J’ai (re)vu ces jours çi Titanic en 3D à S….. Je ne sais pas si les 11 fleurs passaient au même moment dans le complexe cinématographique trés moderne (architecte Nouvel). Il y avait beaucoup de monde pour Titanic, mais on sait tous que le public Chinois est friand des grands films spectaculaires.

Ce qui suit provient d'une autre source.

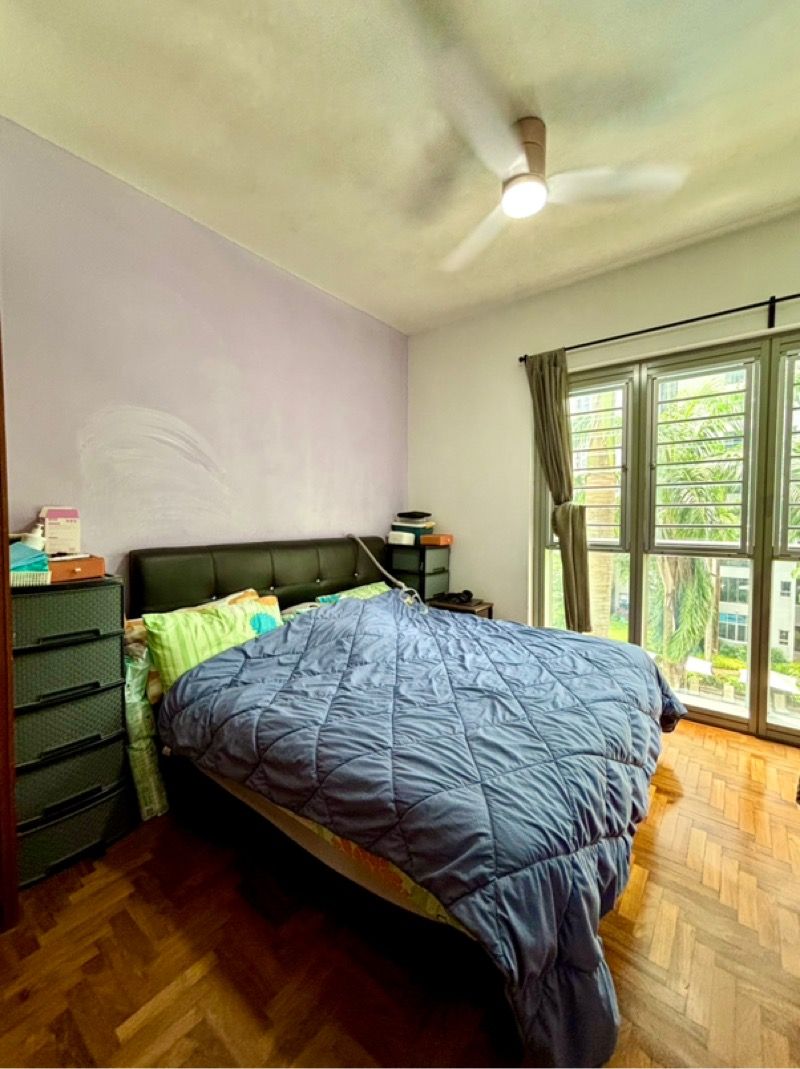 The Bayshore Condominium For Sale, $1,650,000, 3 Bed 3 Bath 1,184 sqft $1,394.00 psf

Et la plupart des (jeunes) spectateurs découvraient le film.
Pour évoquer à mon tour la Révolution Culturelle, que j’ai « vécu » étudiant pré-soixantehuitard, les jeunes générations de Français ne s’imaginent pas à quel point cette période sanglante, brutale, destructrice, injuste, a été en son temps perçue comme admirable et exemplaire par l’intelligentsia Française de l’époque.
Nos beaux esprits de l’époque brandissaient admiratifs le Petit Livre Rouge, approuvaient les défenestrations, les destructions de temple (surtout au Tibet), d’églises, les mises au pilori, les vies brisées, les autodafés, etc tous celà leur paraissait for-mi-da-ble !.
On ne fait pas d’omelettes sans casser des oeufs, détruire le patrimoine était l’espoir de jours nouveaux, la religion est l’opium du peuple etc etc
Ma propre future, Educ Nationale, était partie en Chine sympatiser avec ce mouvement; enthousiamée par le coup de balais annonciateur de jours meilleurs.
Et à cette époque c’était trés difficile dans le milieu universitaire d’emettre des doutes sur la spontaneïté de ces événements, tant les manifestations étaient ou grotesques ou cruelles.
En ce temps là, la mode n’était pas à critiquer la Chine, et surtout pas Mao.
Les violences aveugles et injutes, les famines, ça ne dérangeait personne !
J’ai de l’amertume contre certains intellos (ou leurs héritiers) admirateurs et prosélytes de la Révolution Culturelle, et qui maintenant vomissent en bloc la Chine.
Certains ont la mémoire courte ou s’en arrangent.